§ Work item
In the data below, find the line containing "this 1200×797 image."; transcribe it and each line after it exactly, through the last, skipping pictures.

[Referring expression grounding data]
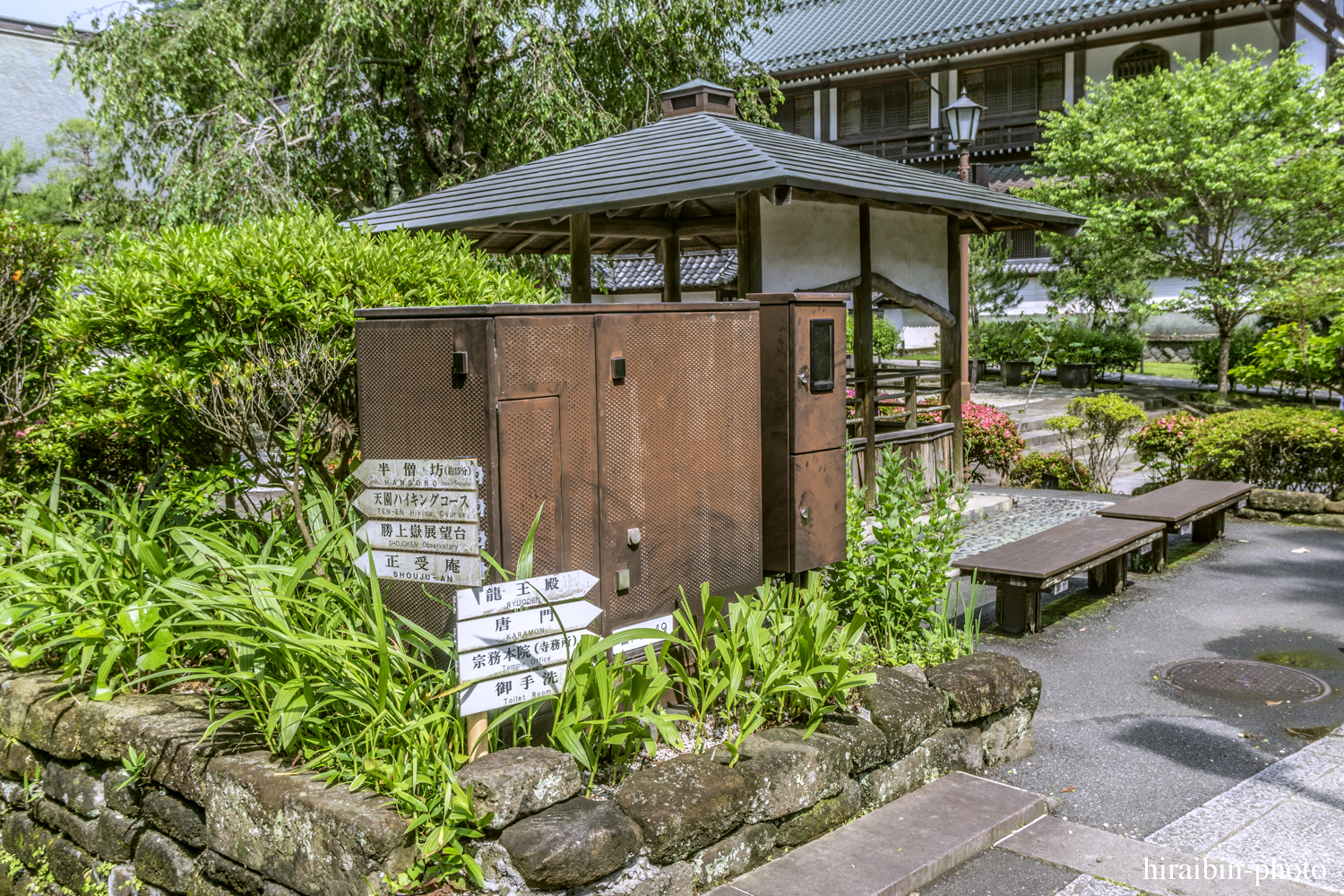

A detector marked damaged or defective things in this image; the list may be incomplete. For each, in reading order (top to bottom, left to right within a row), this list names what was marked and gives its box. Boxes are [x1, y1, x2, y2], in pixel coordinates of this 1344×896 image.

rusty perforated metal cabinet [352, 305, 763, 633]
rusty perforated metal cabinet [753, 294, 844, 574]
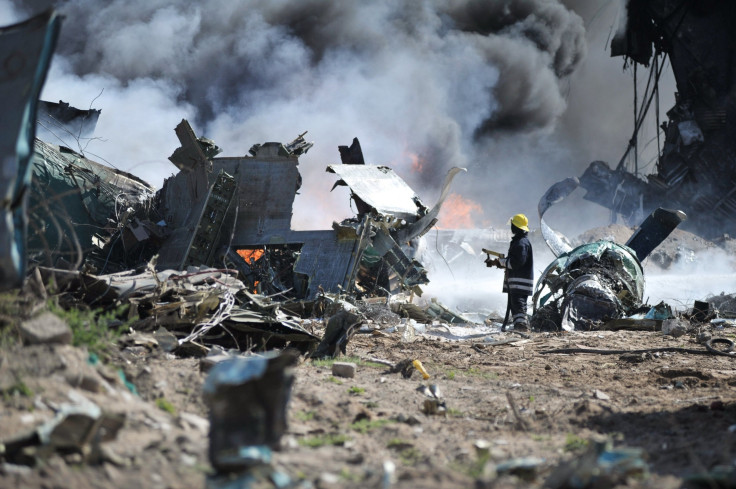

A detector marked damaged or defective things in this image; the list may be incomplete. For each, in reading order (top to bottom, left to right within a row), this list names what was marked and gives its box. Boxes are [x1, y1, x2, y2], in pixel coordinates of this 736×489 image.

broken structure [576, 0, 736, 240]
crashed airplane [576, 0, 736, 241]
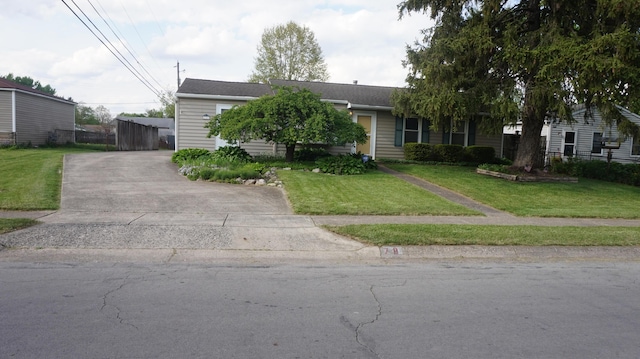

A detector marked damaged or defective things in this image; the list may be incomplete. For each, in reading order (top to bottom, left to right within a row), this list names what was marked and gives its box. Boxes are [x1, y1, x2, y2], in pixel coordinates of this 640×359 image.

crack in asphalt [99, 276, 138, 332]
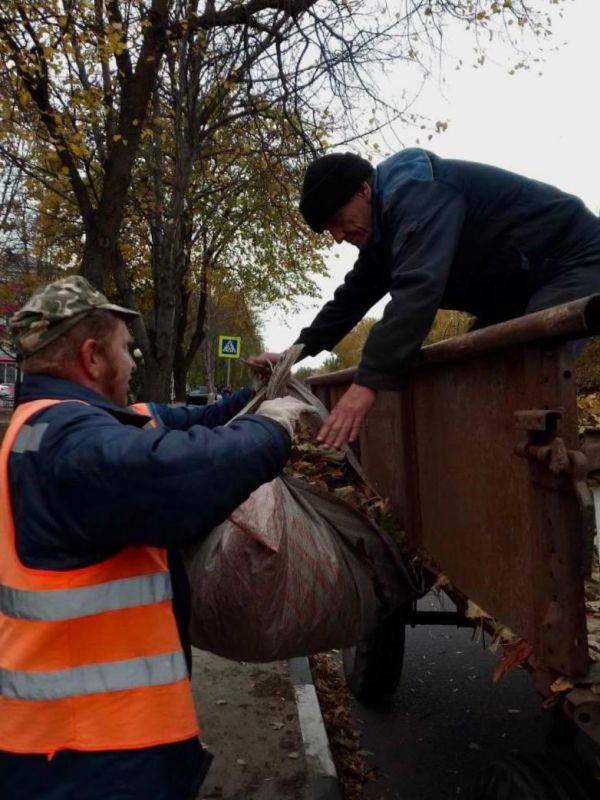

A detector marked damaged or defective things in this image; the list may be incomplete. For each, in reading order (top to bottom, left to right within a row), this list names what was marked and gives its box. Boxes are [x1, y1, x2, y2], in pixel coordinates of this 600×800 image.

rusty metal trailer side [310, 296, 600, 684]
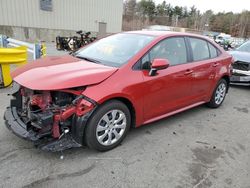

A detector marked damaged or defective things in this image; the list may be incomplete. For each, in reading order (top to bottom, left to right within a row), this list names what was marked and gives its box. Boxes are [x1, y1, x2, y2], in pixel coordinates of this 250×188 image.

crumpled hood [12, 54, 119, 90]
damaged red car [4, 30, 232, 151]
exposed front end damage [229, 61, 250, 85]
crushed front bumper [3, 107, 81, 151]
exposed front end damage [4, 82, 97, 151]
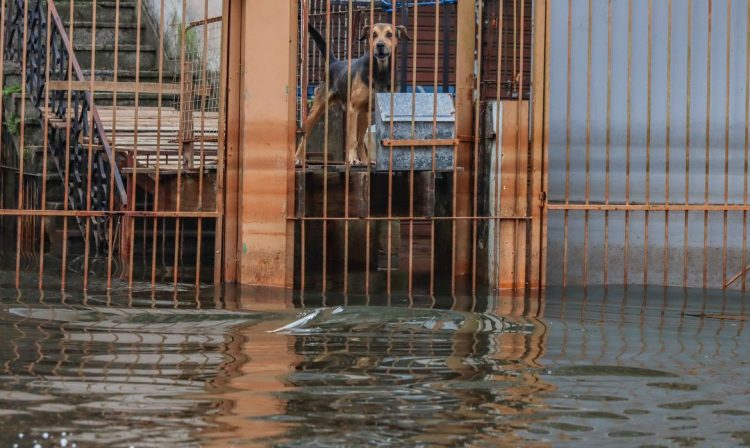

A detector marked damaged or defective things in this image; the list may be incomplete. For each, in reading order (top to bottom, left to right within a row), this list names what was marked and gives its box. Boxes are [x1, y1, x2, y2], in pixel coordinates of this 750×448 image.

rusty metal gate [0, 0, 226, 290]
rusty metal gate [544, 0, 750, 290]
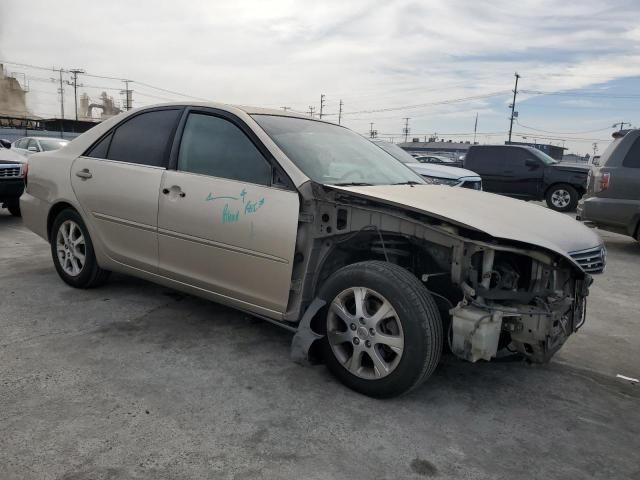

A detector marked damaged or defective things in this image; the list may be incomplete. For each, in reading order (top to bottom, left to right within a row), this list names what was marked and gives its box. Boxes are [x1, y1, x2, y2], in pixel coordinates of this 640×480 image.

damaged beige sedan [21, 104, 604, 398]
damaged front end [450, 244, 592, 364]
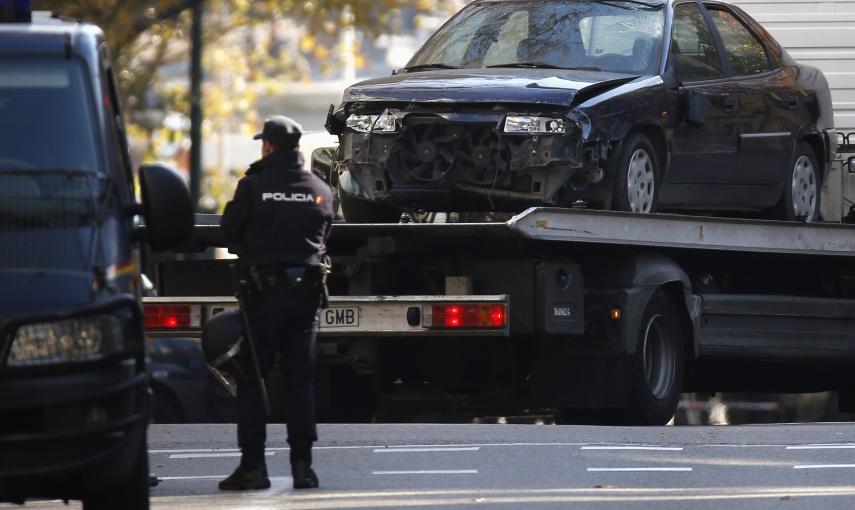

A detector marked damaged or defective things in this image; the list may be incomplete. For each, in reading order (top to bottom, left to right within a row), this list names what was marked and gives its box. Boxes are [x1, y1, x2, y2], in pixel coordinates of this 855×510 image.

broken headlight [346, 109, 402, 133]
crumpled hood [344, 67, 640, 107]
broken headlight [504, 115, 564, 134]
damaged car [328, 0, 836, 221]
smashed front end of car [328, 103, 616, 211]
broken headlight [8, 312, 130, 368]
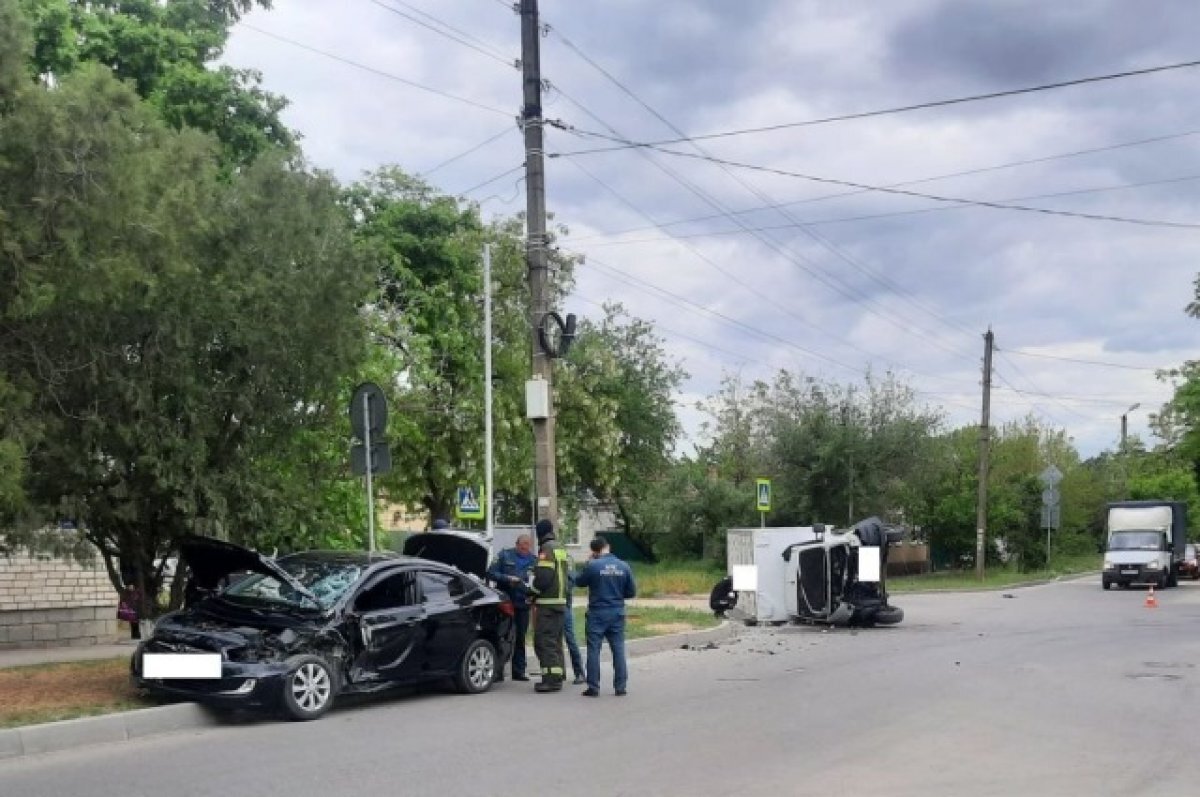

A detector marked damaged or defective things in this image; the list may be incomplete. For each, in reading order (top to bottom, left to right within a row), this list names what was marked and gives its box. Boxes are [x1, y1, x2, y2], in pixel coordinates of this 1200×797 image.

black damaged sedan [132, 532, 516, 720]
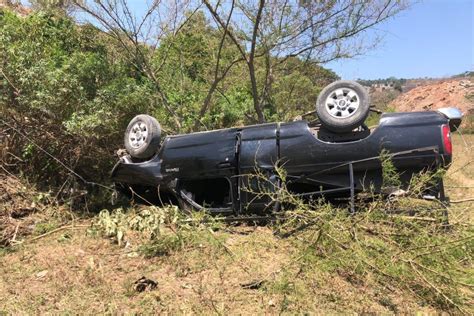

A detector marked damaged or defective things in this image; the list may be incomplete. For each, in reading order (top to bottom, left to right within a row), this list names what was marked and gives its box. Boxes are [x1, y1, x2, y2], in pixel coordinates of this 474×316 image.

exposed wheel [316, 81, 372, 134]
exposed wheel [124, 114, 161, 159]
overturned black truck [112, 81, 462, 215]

§ Written solution
A detector marked damaged or defective things in this image; the list may be incomplete. For each, in reading order (top to bottom, left to right within a row), this list names what was marked and gives its box. Boxes are [x1, y1, x2, y2], in pixel coordinates of this 1200×797 image.

black damaged sedan [132, 532, 516, 720]

A detector marked damaged or defective things in this image; the list may be incomplete. For each, in reading order (top to bottom, left to right within a row), this list names what was marked and gives its box. Boxes are [x1, y1, x2, y2], in pixel coordinates of this 474×316 image.

exposed wheel [316, 81, 372, 134]
exposed wheel [124, 114, 161, 159]
overturned black truck [112, 81, 462, 215]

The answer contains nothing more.